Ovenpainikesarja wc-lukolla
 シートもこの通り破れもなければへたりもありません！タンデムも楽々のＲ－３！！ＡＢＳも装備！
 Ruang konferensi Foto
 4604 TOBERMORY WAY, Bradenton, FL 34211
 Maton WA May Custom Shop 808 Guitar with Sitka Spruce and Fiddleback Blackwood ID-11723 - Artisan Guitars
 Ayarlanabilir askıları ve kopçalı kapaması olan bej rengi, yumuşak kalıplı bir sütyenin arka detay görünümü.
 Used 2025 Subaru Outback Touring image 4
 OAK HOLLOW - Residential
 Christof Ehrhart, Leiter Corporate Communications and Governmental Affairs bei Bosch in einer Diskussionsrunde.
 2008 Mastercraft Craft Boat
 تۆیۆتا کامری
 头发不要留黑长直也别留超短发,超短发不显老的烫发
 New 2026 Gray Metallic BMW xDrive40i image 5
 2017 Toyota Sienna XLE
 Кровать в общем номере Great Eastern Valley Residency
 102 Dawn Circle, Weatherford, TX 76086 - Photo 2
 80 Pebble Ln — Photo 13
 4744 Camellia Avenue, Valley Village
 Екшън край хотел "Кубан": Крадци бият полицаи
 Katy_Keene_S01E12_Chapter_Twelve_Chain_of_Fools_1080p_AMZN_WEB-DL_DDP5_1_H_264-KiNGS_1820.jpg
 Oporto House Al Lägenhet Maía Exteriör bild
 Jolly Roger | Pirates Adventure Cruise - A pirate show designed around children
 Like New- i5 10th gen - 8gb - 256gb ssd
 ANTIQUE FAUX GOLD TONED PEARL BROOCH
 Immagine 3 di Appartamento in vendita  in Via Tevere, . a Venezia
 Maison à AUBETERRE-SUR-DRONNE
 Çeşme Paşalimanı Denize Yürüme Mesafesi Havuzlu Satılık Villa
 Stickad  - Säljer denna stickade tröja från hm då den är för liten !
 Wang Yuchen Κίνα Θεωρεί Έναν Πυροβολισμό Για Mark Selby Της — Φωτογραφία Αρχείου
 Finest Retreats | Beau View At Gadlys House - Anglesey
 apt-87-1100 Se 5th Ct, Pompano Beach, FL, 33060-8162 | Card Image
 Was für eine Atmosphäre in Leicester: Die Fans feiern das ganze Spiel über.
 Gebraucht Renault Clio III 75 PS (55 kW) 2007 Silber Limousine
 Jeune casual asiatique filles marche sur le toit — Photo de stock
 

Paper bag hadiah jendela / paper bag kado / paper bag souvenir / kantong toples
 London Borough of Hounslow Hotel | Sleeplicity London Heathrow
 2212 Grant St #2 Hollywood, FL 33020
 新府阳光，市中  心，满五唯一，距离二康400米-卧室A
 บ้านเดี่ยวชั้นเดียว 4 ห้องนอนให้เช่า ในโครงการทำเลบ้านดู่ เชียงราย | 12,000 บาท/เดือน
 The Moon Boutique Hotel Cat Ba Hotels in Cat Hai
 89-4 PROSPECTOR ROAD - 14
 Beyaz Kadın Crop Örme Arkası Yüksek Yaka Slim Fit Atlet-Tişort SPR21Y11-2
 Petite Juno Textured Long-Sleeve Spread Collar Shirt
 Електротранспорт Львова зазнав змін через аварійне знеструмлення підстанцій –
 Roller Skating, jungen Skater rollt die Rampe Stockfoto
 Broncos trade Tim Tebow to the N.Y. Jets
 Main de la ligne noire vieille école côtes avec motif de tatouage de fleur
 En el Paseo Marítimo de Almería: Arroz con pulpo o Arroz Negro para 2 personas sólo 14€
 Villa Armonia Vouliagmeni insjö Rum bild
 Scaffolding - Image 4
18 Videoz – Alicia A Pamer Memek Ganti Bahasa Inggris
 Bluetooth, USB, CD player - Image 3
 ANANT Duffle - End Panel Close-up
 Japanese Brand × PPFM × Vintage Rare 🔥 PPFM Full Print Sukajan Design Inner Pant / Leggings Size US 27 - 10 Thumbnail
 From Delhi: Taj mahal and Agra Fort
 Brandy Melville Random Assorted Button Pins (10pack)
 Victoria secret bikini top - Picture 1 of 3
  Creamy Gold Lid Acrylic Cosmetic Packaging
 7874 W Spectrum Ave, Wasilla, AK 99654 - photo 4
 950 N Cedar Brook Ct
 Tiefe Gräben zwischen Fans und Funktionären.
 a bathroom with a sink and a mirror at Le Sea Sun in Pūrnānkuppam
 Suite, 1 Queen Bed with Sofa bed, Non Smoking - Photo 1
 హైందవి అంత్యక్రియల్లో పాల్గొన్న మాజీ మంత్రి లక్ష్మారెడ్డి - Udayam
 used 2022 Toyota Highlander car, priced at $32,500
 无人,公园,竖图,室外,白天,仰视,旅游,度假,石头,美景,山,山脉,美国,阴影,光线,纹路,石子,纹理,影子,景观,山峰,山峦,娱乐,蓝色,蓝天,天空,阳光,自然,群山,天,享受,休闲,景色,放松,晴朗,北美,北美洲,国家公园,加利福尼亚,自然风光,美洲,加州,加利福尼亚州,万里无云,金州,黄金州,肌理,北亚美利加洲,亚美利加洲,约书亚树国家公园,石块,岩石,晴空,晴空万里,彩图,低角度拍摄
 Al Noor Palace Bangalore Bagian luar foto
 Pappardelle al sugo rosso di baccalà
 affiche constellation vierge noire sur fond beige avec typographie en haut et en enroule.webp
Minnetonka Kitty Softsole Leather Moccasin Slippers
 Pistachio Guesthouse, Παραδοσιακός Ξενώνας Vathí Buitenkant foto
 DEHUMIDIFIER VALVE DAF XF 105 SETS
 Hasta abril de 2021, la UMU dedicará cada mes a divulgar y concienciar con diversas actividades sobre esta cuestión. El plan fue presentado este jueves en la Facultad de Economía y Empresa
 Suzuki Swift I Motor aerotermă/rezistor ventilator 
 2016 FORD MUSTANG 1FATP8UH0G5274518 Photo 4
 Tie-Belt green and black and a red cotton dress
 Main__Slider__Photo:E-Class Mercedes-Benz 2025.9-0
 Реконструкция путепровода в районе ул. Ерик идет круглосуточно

Exercise objective:
Only the lines from the beginning of the data above through the line containing "Oporto House Al Lägenhet Maía Exteriör bild" should be repeated, exactly as they appear.

Task result:
Ovenpainikesarja wc-lukolla
 シートもこの通り破れもなければへたりもありません！タンデムも楽々のＲ－３！！ＡＢＳも装備！
 Ruang konferensi Foto
 4604 TOBERMORY WAY, Bradenton, FL 34211
 Maton WA May Custom Shop 808 Guitar with Sitka Spruce and Fiddleback Blackwood ID-11723 - Artisan Guitars
 Ayarlanabilir askıları ve kopçalı kapaması olan bej rengi, yumuşak kalıplı bir sütyenin arka detay görünümü.
 Used 2025 Subaru Outback Touring image 4
 OAK HOLLOW - Residential
 Christof Ehrhart, Leiter Corporate Communications and Governmental Affairs bei Bosch in einer Diskussionsrunde.
 2008 Mastercraft Craft Boat
 تۆیۆتا کامری
 头发不要留黑长直也别留超短发,超短发不显老的烫发
 New 2026 Gray Metallic BMW xDrive40i image 5
 2017 Toyota Sienna XLE
 Кровать в общем номере Great Eastern Valley Residency
 102 Dawn Circle, Weatherford, TX 76086 - Photo 2
 80 Pebble Ln — Photo 13
 4744 Camellia Avenue, Valley Village
 Екшън край хотел "Кубан": Крадци бият полицаи
 Katy_Keene_S01E12_Chapter_Twelve_Chain_of_Fools_1080p_AMZN_WEB-DL_DDP5_1_H_264-KiNGS_1820.jpg
 Oporto House Al Lägenhet Maía Exteriör bild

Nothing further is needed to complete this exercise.